Data-efficient, Fast and Autonomous Hybrid Calibration for Robot Positioning Accuracy Enhancement using Active Learning-based Method
摘要
Industrial robots generally have good repeatability and poor accuracy. Calibration is a known technique to improve robot accuracy. This technique is traditionally model-based and aims to identify the parameters of an analytical model of the robot using real measurements. More recent calibration methods, called hybrid calibration, combine model-based and data-driven approaches. These methods are more efficient than the traditional ones in integrating phenomena that are difficult to model. The most widely used data-driven approach for hybrid calibration is Artificial Neural Networks (ANN). The main drawback is that ANN is data-consuming, leading to long and complex measurement processes. In this paper, a new active learning hybrid calibration method is introduced. The hybrid calibration method relies on kinematics calibration to identify the geometric parameters of the robot, and on Gaussian Process Regression (GPR) for residual position error approximation.

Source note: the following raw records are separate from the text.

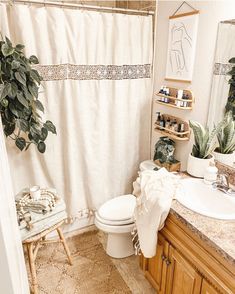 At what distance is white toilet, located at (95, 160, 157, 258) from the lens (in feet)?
5.88

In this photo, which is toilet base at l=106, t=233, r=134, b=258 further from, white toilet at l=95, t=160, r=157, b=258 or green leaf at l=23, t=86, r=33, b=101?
green leaf at l=23, t=86, r=33, b=101

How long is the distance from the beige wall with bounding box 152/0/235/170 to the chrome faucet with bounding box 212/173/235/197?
44 centimetres

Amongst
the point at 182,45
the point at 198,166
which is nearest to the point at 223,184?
the point at 198,166

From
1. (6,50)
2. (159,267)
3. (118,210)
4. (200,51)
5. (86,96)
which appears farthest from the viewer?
(86,96)

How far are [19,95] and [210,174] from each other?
4.20 feet

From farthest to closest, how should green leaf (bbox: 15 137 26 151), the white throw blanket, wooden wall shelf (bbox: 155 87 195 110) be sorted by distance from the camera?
wooden wall shelf (bbox: 155 87 195 110) < green leaf (bbox: 15 137 26 151) < the white throw blanket

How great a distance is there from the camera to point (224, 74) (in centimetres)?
156

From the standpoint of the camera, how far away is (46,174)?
204 centimetres

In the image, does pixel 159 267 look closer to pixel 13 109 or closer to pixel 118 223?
pixel 118 223

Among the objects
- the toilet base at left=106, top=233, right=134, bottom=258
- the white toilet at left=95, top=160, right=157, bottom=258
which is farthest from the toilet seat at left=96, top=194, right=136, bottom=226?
the toilet base at left=106, top=233, right=134, bottom=258

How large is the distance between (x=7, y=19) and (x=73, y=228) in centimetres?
181

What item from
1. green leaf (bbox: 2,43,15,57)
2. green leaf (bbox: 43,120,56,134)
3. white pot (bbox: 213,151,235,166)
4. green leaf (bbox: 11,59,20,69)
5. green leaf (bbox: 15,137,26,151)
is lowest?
white pot (bbox: 213,151,235,166)

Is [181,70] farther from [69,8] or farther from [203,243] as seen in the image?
[203,243]

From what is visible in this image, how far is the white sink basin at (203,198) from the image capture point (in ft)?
4.41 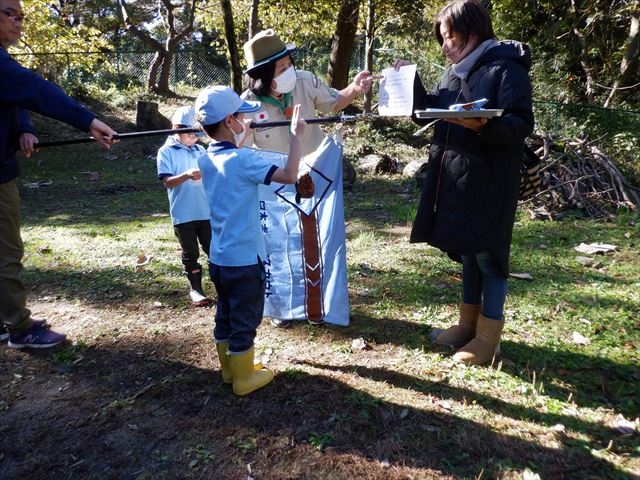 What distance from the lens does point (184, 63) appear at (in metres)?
20.5

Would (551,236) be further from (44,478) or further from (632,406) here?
(44,478)

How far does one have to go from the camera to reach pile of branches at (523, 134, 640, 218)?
6703 mm

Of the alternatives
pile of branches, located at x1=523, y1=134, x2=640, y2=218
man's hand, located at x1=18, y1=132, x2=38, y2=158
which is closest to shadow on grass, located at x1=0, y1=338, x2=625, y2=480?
man's hand, located at x1=18, y1=132, x2=38, y2=158

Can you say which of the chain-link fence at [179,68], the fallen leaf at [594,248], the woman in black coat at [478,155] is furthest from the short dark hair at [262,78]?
the chain-link fence at [179,68]

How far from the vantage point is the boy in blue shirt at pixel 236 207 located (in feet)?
8.33

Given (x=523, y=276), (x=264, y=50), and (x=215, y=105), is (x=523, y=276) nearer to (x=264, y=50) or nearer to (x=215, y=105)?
(x=264, y=50)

A fine-tuning of the method’s design parameters made on a measured dataset has led to a relevant and practical stopping condition. Experimental validations on two robotic manipulators demonstrate that the positioning error could be reduced by 97%, while using less than 30 measurements to train the GPR. Thus, the proposed method is data-efficient and provides better and faster results than current ANN-based hybrid calibration methods.